More than 50,000 Scots have received free personal care at home, including washing, meals and dressing, at a cost of £256 million a year since 2002 when it was introduced. Annual costs are projected to rise to £813 million by 2031, when Scotland will have 1.3 million pensioners.
Mr Brown, Mr Darling and the other opponents may, in the long run, turn out to be right. Lord Sutherland of Houndwood — the architect of the policy and the man who led a recent review of the how it was working in Scotland — found that free care needed an immediate injection of £40 million to ensure that the policy was implemented consistently across Scotland. Another report, from the Audit Scotland watchdog, found that the shortfall may be as much as £63 million.

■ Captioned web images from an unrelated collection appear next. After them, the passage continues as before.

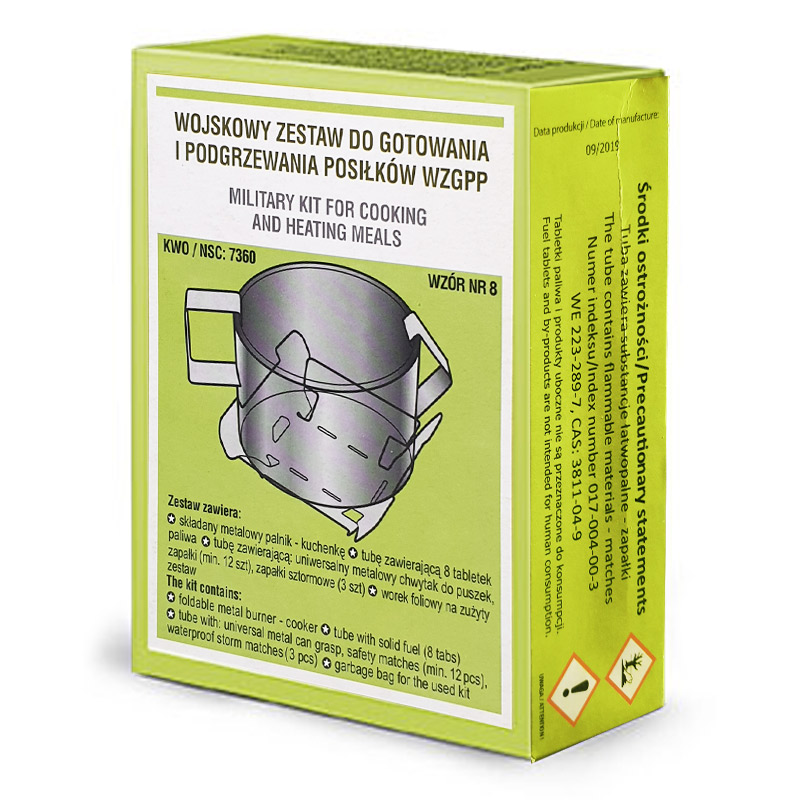 ZESTAW do GOTOWANIA i PODGRZEWANIA SURVIVAL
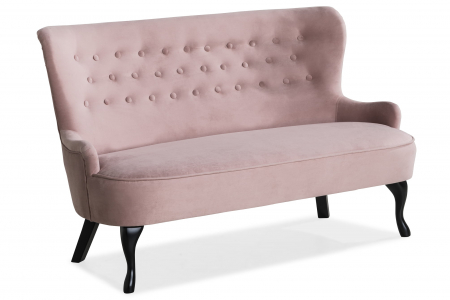 Canapea Diana 3H, Roz, 140x86x67 cm [4]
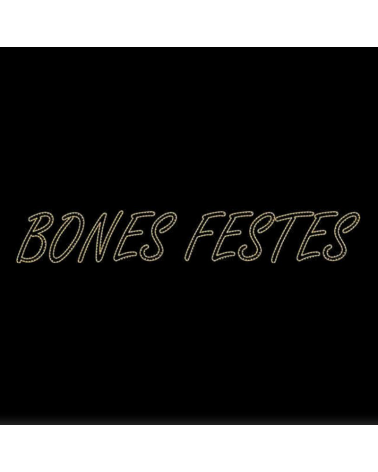 Outdoor sign BONES FESTES of 2.68 meters LEDs 66W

The Sutherland review, while declaring that the policy was “sound”, also reignited a row with London when it called for the reinstatement of £30 million a year in attendance allowance payments for Scottish pensioners, withdrawn when Holyrood introduced free personal care six years ago. The demand has been dismissed by Whitehall.
As the Sutherland report acknowledged, free personal care is hugely popular in Scotland and any attempt by a future devolved administration to curtail or withdraw it would provoke such an outcry that no group of politicians would now dare contemplate it.
However, doubts have persisted about the affordability of free personal care and the review said that more than half of local authorities in Scotland were rationing access to it. Some do not provide services for people with moderate needs or record them as formally waiting for services. Some provide preparation of meals within the free care package, others do not.
Lord Lipsey, the Labour peer who sat on the original Sutherland Commission that laid the groundwork for free care but who dissented from its findings, has said: “I sometimes thought that Lord Sutherland was made for a heaven where money grows on trees. Despite the fact that half the authorities in Scotland are rationing care, spending on it in 2008 already exceeded that planned for the third decade of the present century.”
The recent report by Audit Scotland said that there had to be better planning and funding of the policy. It found that there had a been an annual shortfall of between £7 million and £63 million and added that there was still confusion over what was covered by the policy, and even whether councils were obliged to fund it.
However, despite the warnings, the Scottish Parliament will this week agree with the findings of the Sutherland review and ministers will be told to find ways to cover present and future shortfalls. And Mr Brown and Mr Darling can do nothing about it.